Inspection and maintenance are significant cost drivers to manage and preserve the quality of our nation's transportation systems and infrastructure. Current strategies are based on preventive approaches that do not consider the actual real-time status of a specific structural component. In these approaches, the systems are subject to routine inspections and replacement of components that are scheduled a priori based on a combination of empirical data and numerical predictions of the estimated life. Such approaches are sub-optimal because they may lead to replacement of fully-functional components, on the one hand, and may miss rapidly deteriorating conditions between scheduled inspections, on the other. This research will develop new methods to address both shortcomings by investigating new modeling and monitoring techniques particularly suited and applicable to modern, complex systems. To enable this condition-based monitoring approach, better theoretical and numerical models are needed to simulate the dynamic behavior of complex mechanical systems as well as to produce metrics capable of tracking their status in real-time. This award supports fundamental research to develop mathematical and computational models based on fractional calculus. The methods resulting from this research will be highly useful in application that use imaging and remote sensing in structural, geological, and biological media. The educational part of this project will feature, among its different components, the development of a new course to introduce engineering students to fractional calculus and its applications to modeling of engineering systems.

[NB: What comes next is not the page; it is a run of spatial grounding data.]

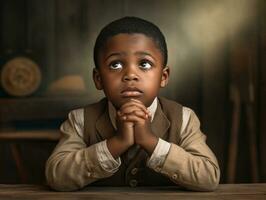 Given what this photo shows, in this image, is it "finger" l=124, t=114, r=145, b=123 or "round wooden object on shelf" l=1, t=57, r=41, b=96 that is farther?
"round wooden object on shelf" l=1, t=57, r=41, b=96

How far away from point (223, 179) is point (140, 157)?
0.89 meters

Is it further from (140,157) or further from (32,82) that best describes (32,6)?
(140,157)

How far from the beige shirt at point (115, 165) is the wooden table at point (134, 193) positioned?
0.02 metres

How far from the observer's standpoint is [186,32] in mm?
2074

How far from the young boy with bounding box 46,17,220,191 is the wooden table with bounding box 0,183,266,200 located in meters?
0.02

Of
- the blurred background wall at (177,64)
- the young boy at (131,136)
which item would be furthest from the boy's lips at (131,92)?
the blurred background wall at (177,64)

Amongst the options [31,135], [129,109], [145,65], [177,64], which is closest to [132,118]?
[129,109]

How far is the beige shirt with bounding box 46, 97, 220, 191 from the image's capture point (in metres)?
1.16

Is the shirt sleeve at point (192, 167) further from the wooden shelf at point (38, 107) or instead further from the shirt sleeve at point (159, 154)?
the wooden shelf at point (38, 107)

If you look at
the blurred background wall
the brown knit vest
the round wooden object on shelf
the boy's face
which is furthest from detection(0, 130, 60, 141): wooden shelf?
the boy's face

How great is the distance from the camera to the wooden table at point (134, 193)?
1.15 meters

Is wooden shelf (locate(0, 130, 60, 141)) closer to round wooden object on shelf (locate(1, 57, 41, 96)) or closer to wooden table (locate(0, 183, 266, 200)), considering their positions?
round wooden object on shelf (locate(1, 57, 41, 96))

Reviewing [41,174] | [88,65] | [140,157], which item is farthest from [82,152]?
[41,174]

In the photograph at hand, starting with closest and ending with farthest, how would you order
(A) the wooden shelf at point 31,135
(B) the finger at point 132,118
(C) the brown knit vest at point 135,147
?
(B) the finger at point 132,118
(C) the brown knit vest at point 135,147
(A) the wooden shelf at point 31,135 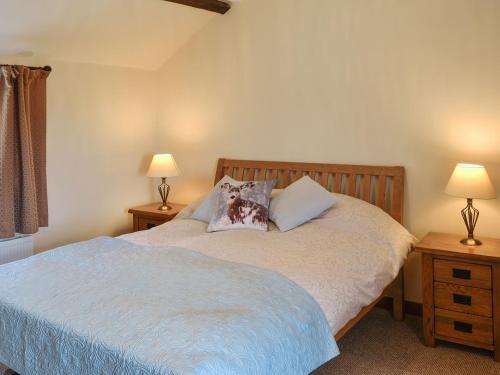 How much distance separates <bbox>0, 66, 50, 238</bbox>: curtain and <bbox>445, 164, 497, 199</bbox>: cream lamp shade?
2801 millimetres

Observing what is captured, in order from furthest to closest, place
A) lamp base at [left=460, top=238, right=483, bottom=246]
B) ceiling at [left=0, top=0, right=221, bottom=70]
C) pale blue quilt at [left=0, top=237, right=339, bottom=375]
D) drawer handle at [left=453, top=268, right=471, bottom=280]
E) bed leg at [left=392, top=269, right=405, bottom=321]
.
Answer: bed leg at [left=392, top=269, right=405, bottom=321] < ceiling at [left=0, top=0, right=221, bottom=70] < lamp base at [left=460, top=238, right=483, bottom=246] < drawer handle at [left=453, top=268, right=471, bottom=280] < pale blue quilt at [left=0, top=237, right=339, bottom=375]

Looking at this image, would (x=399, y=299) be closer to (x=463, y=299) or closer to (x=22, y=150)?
(x=463, y=299)

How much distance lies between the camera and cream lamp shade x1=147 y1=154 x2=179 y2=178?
13.2 feet

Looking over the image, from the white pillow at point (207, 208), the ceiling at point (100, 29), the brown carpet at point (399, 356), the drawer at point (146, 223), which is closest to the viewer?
the brown carpet at point (399, 356)

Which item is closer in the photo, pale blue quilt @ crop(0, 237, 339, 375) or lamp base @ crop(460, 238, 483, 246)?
pale blue quilt @ crop(0, 237, 339, 375)

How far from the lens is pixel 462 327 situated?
269 cm

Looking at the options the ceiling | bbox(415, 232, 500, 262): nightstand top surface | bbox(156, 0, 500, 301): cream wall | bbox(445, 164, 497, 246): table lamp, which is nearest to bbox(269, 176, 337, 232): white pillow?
bbox(156, 0, 500, 301): cream wall

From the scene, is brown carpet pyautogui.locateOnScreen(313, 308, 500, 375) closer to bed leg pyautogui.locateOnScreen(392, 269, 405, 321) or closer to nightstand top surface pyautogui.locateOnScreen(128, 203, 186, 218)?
bed leg pyautogui.locateOnScreen(392, 269, 405, 321)

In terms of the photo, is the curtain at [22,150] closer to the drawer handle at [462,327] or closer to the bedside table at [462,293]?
the bedside table at [462,293]

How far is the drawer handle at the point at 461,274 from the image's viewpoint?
264cm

This research will involve a systematic study to determine how fractional-order differential equations will enhance the state-of-the-art in system identification and monitoring. Fractional-order models are a new and useful tool for modeling of complex engineering systems, however they are not yet common in engineering. Their application to structural health monitoring will provide a substantially new approach for damage detection and diagnostics, it will introduce the system order as a new parameter for system assessment, and it will provide highly mathematically structured and concise descriptions of the dynamics of complex systems. More specifically, this work will (1) determine the effect of structural damage on the fractional order of the host system and develop methodologies to account for its impact on the underlying governing equations; (2) use fractional approaches to achieve efficient order reduction, sub-structuring, and inverse problem solutions; (3) develop fractional models for system identification based on purely experimental data; and (4) develop testbeds for experimental validation.
This award reflects NSF's statutory mission and has been deemed worthy of support through evaluation using the Foundation's intellectual merit and broader impacts review criteria.